All data have relationships to even the data itself; even data as simple as weather can be looked at from the view of the weather today versus the weather yesterday.

As we see with the self join, the condition matters. We can vary the condition to compare to the previous, latter or other values. We do not need to use a self join if adding derived columns from an existing column — we can simply add those in our SQL statement (I’ve seen some examples where this is done, but it’s not needed).

T-SQL

In this exercise, we’ll be using a small data set and because we are joining the table to itself, we’ll only need to create the one table.

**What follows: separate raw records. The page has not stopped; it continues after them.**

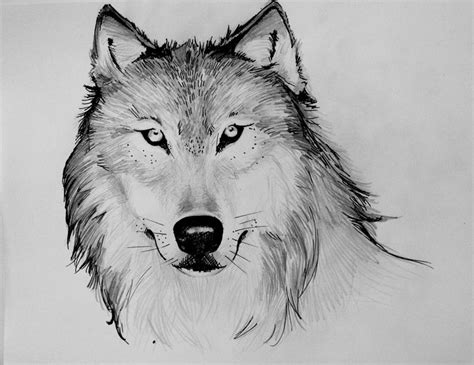 17 Best Images About Wolfs On Pinterest Wolf Photos A Wolf And Wolves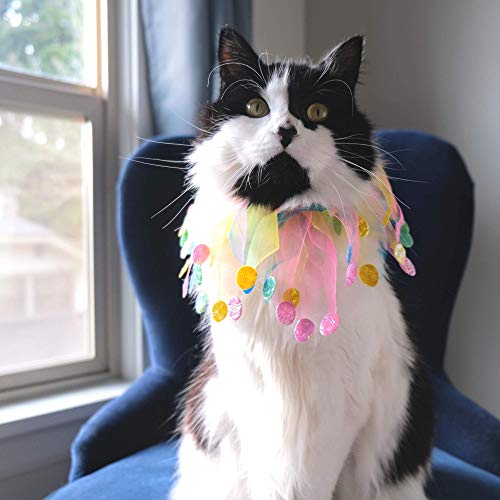 Midlee Easter Egg Decorative Dog Collar (Small) #TOP5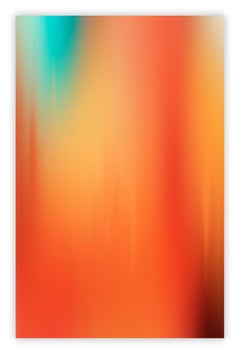 Bleed n° 202503 (photographie)
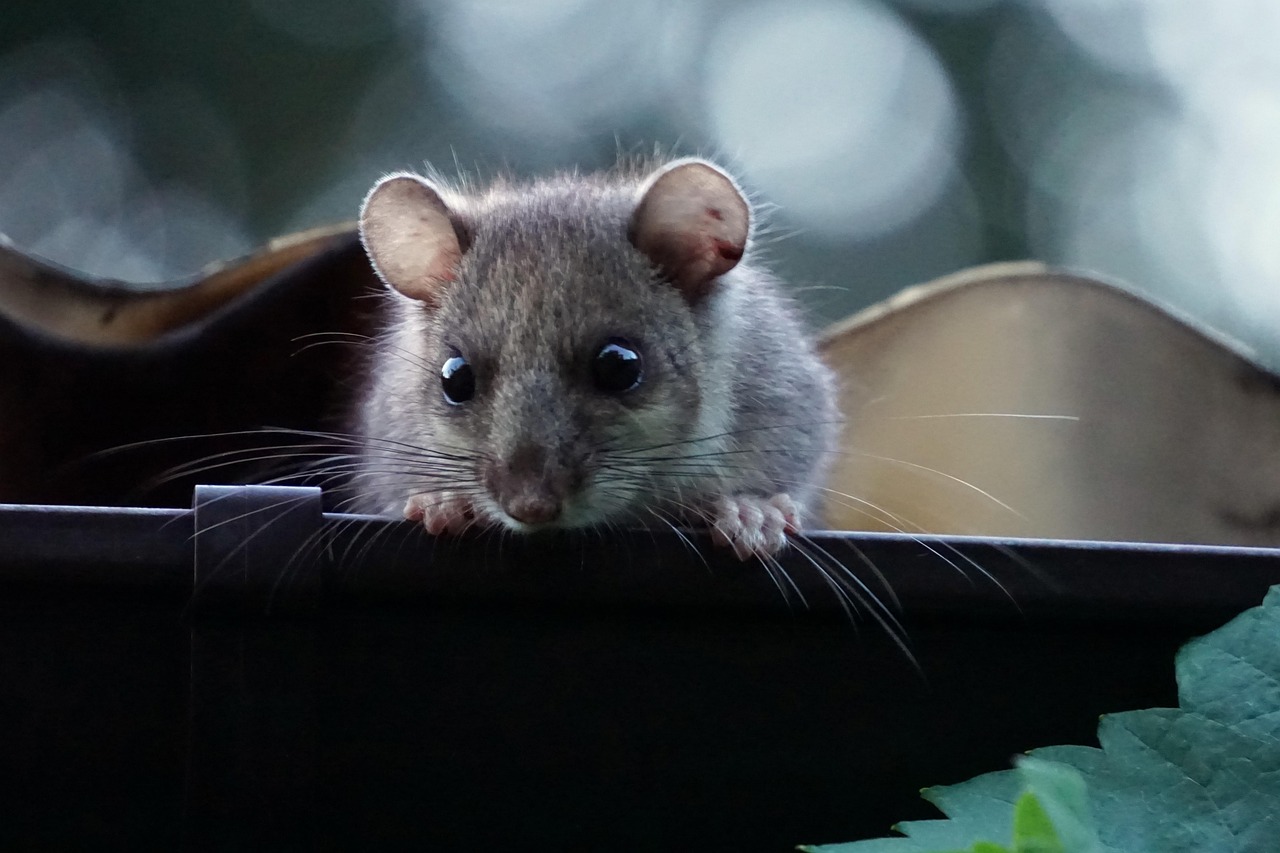 7 Signs Your Gutters Need to Be Replaced, Not Just Cleaned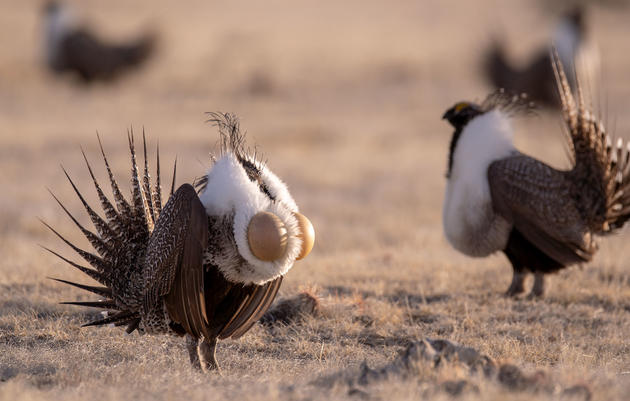 Video: Sage-Grouse Explained by Vox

INSERT INTO SelfTable (ID,Val)
VALUES (1,10)
 , (2,12)
 , (3,11)
 , (4,14)
 , (5,18)

A basic SELF JOIN with the above table would simply be joining the table to itself using the ID column:

SELECT *
FROM SelfTable t1
 INNER JOIN SelfTable t2 ON t1.ID = t2.ID

We get duplicate columns with this query — the ID and Val columns are repeated. As a note here, this is never the context in which we would use a SELF JOIN, but does show a basic one. If we needed duplicate columns for whatever reason we could simply run a command like SELECT ID, ID AS ID… but even that is a use case that is never needed.

However, sometime we use a SELF JOIN when we compare data. In the below query, the ID and Val columns from the initial table show next to the ID and Val columns of the next value from the joined table, which as we know is the same table. This means that the ID value of 1 from the initial table is shown next to the ID value of 2 from the joined table — the same table because it’s a SELF JOIN:

SELECT *
FROM SelfTable t1
 INNER JOIN SelfTable t2 ON t1.ID = (t2.ID - 1)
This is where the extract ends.